The Electoral Commission says it is trying to establish whether money being funneled into the project needs to be considered as political donations.
There have been ongoing reports about the cost of the refurbishments to the Downing Street flat, where Johnson lives with his fiancée Carrie Symonds.
Johnson is currently living in the flat above No 11, which is the chancellor’s official residence.
The Conservative Party says donations were correctly declared.
A source has told the BBC the interior designer Lulu Lytle has been involved in upgrading the flat, which is much larger than the one above No 10.
Johnson and Symonds moved into the four-bedroom apartment back in July 2019, and welcomed their son Wilfred in April 2020.
The Electoral Commission, which is responsible for regulating party donations, says it is in contact with the Conservatives over the funding of the flat.
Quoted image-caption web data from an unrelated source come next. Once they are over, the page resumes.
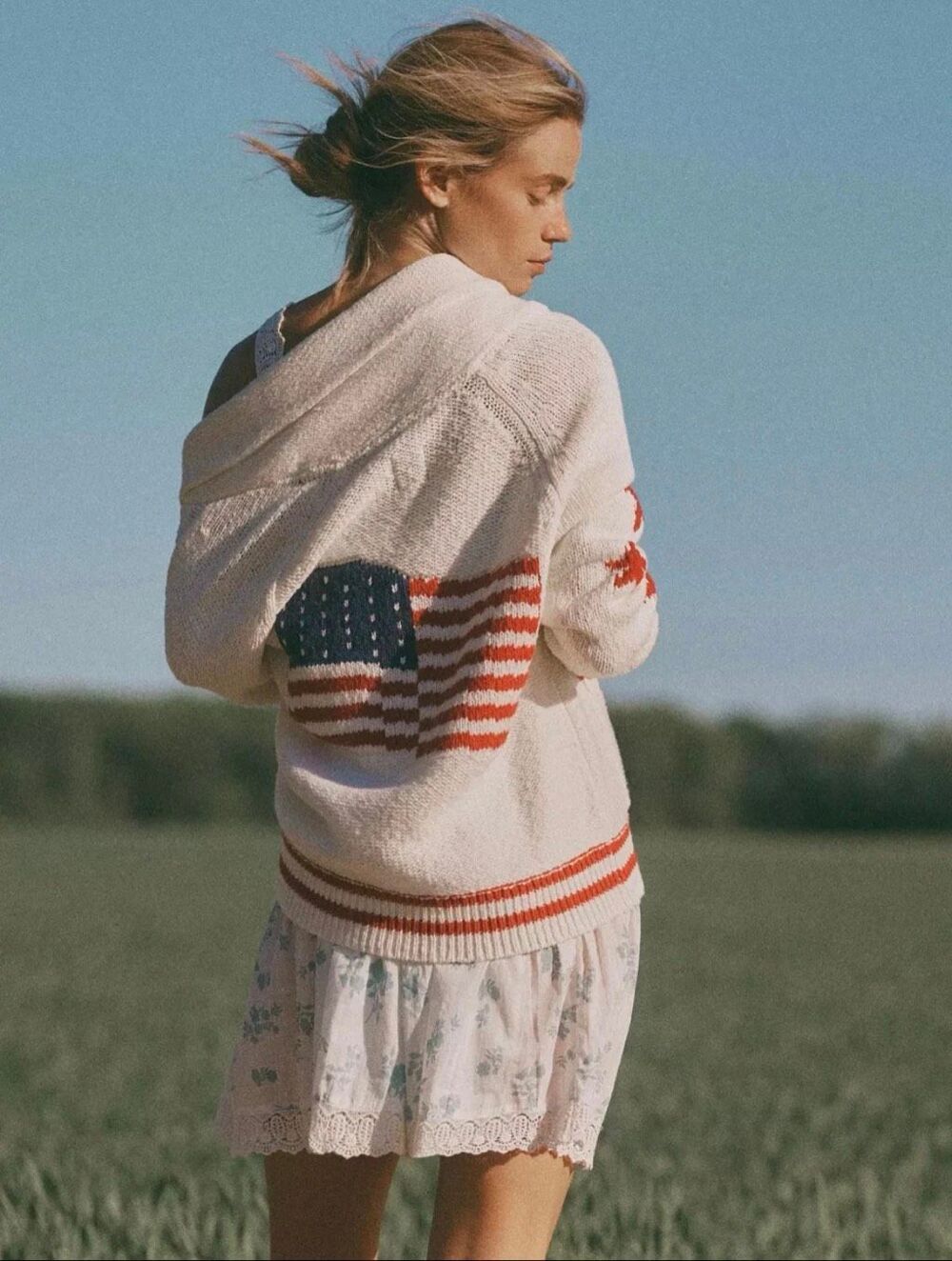 Anthropologie Maeve Shawl Collar American Flag Cardigan Sweater USA 2X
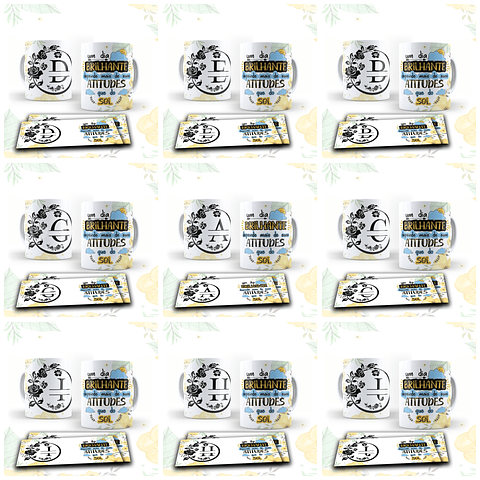 26 Artes para Canecas Alfabeto Atitude Arquivo em CorelDraw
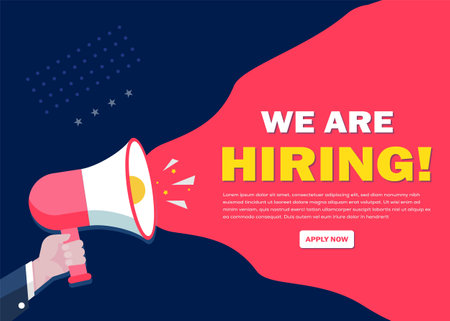 We are hiring announcement with megaphone. Flat design vector illustration.のイラスト素材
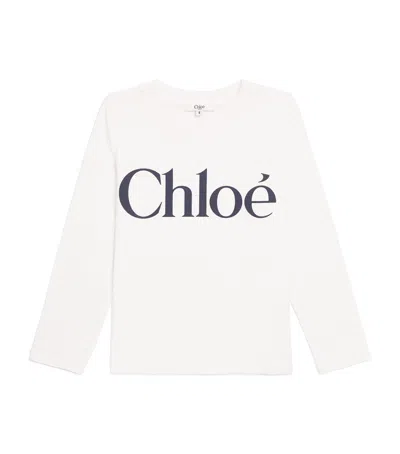Chloé Kids Long-sleeve Cotton T-shirt In White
A spokesperson said: “Discussions with the Conservative Party continue as we work to establish whether any sums relating to the works at 11 Downing Street fall within the regime regulated by the Commission, and therefore need to be reported and subsequently published.
“The party is working with us on this.”
The Conservative Party has previously said that all “reportable donations” are “correctly declared to the Electoral Commission, published by them and comply fully with the law”.
Johnson’s press secretary has previously insisted that no party funds were being used to pay for any refurbishments to the Downing Street estate.
Asked about reports that Cabinet Secretary Simon Case is investigating the issue, Sir Keir said the matter “should be investigated” although he did not specify the form such an investigation should take, or who should carry it out.
Asked about Case’s reported involvement on Friday, the PM’s spokesman told reporters: “Maintenance of Downing Street as a working building is overseen by the Cabinet Office.
“As part of that, you’d expect Cabinet Office officials to be involved.”
One government minister said Johnson had met the costs of refurbishing his official Downing Street flat out of his own pocket.
In answer to a House of Lords written question, Cabinet Office minister Lord True said: “Audited figures of spending from the allowance for the 2020-21 financial year are not yet available; works have taken place by long-standing Downing Street contractors on painting, sanding and floorboards.
“Any costs of wider refurbishment in this year have been met by the prime minister personally.”
Lord True added that the government was “considering the merits” of whether works on parts or all of the Downing Street estate could be funded by a trust.